_Work item_
Return the lines of the listing below exactly as they appear, beginning at the one with "Playful Decorative Pillow" and stopping after the one with "Neutral asian young-adult"; do not include pictures.

_Supplied information_
- Opening Delimiter -

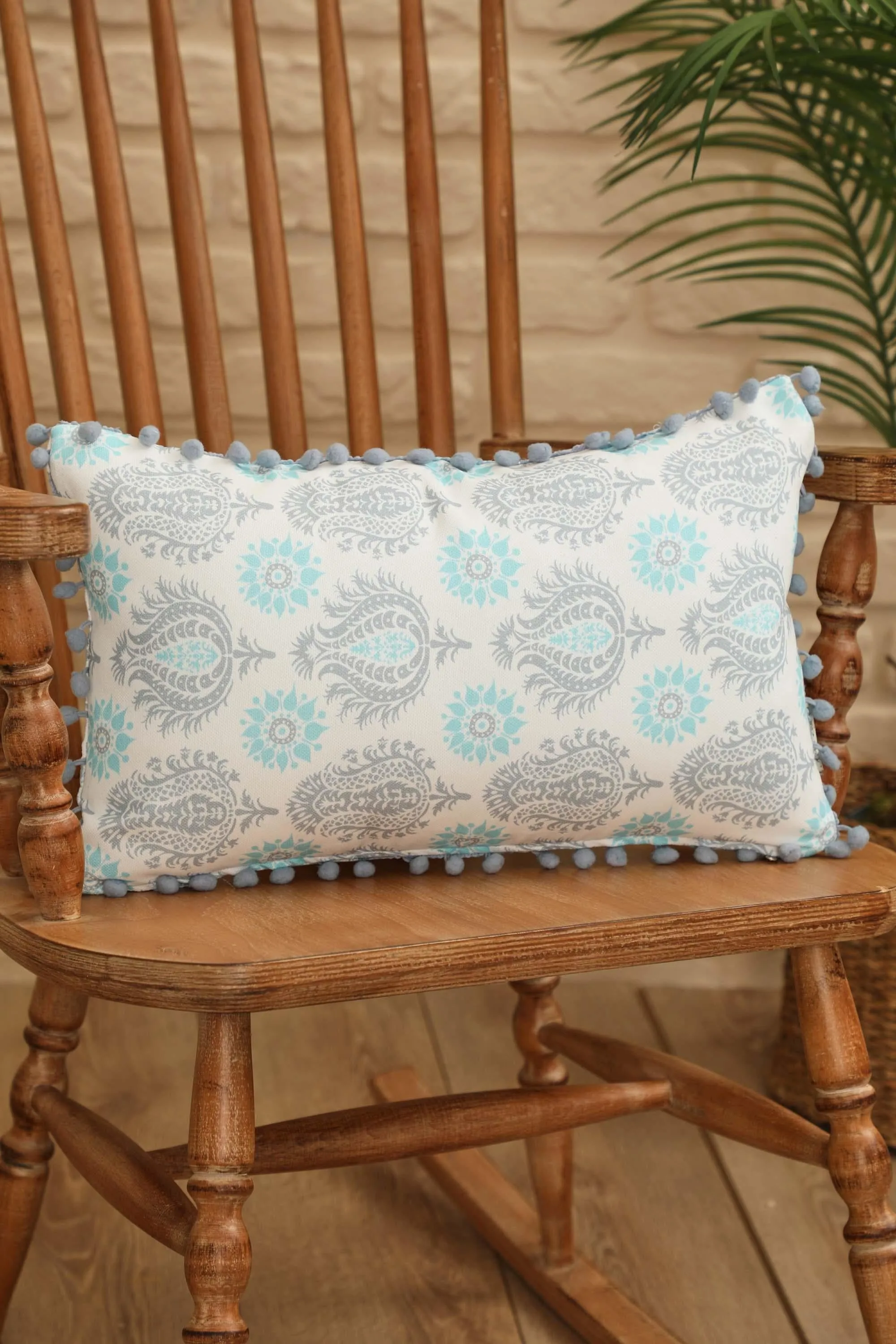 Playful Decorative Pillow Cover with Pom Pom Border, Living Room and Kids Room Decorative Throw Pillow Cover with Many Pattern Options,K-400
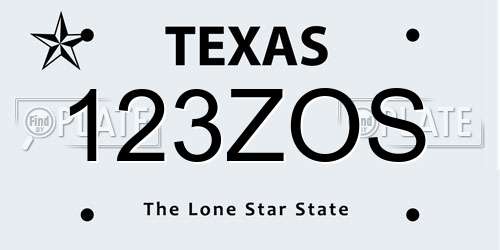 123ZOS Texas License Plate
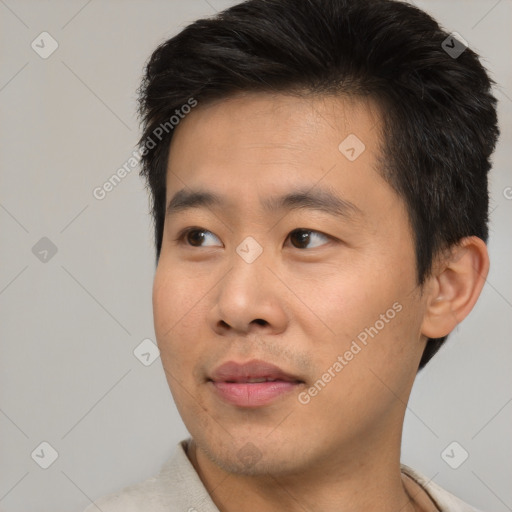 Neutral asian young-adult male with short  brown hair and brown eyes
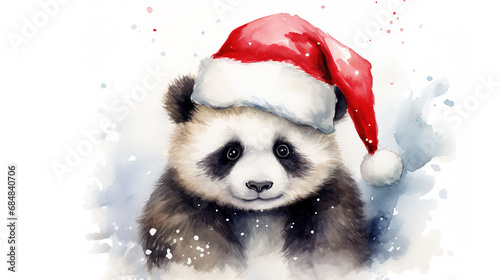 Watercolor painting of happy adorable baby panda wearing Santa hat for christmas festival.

- Closing Delimiter -
- Opening Delimiter -

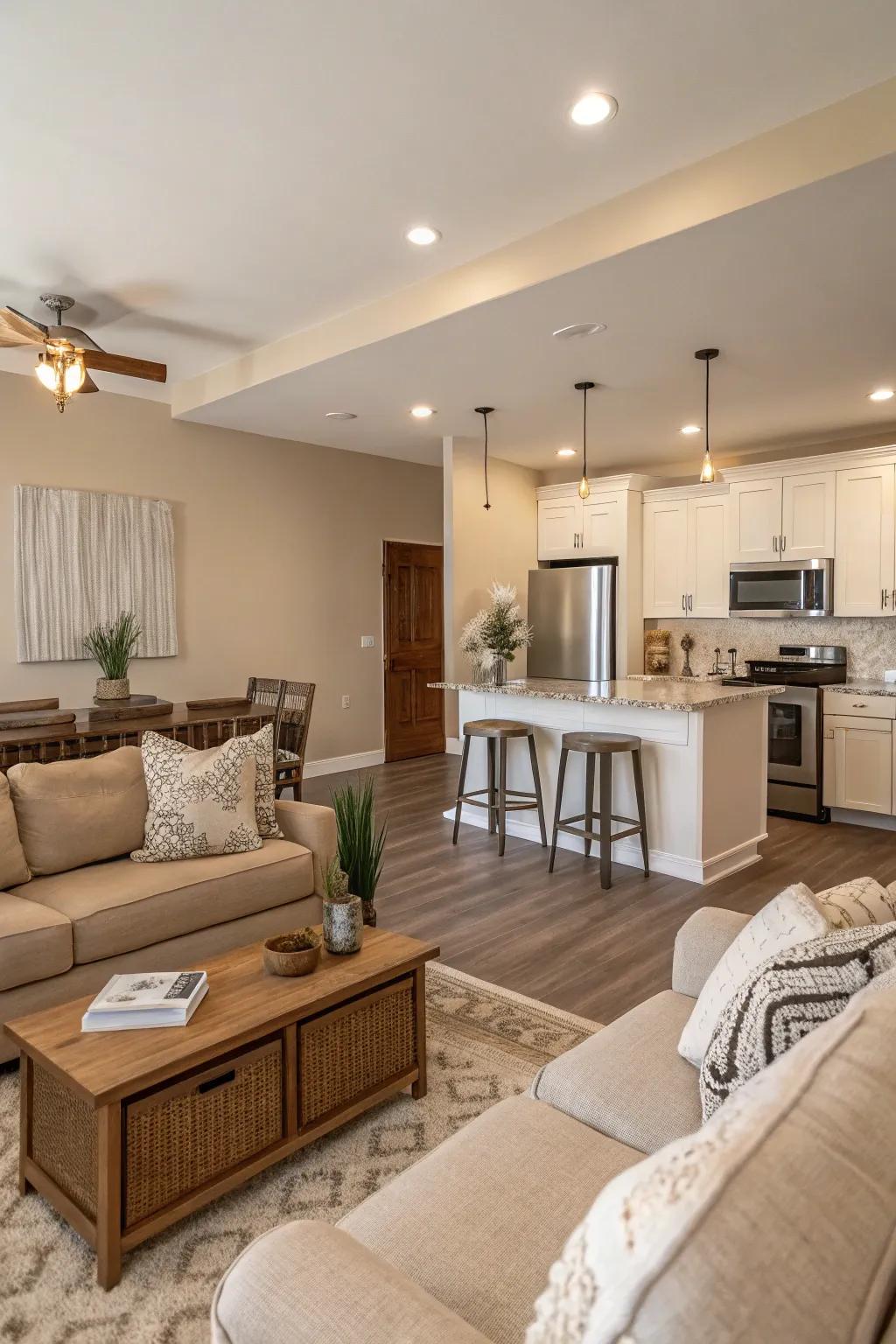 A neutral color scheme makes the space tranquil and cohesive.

- Closing Delimiter -

_Problem solution_
 Playful Decorative Pillow Cover with Pom Pom Border, Living Room and Kids Room Decorative Throw Pillow Cover with Many Pattern Options,K-400
 123ZOS Texas License Plate
 Neutral asian young-adult male with short  brown hair and brown eyes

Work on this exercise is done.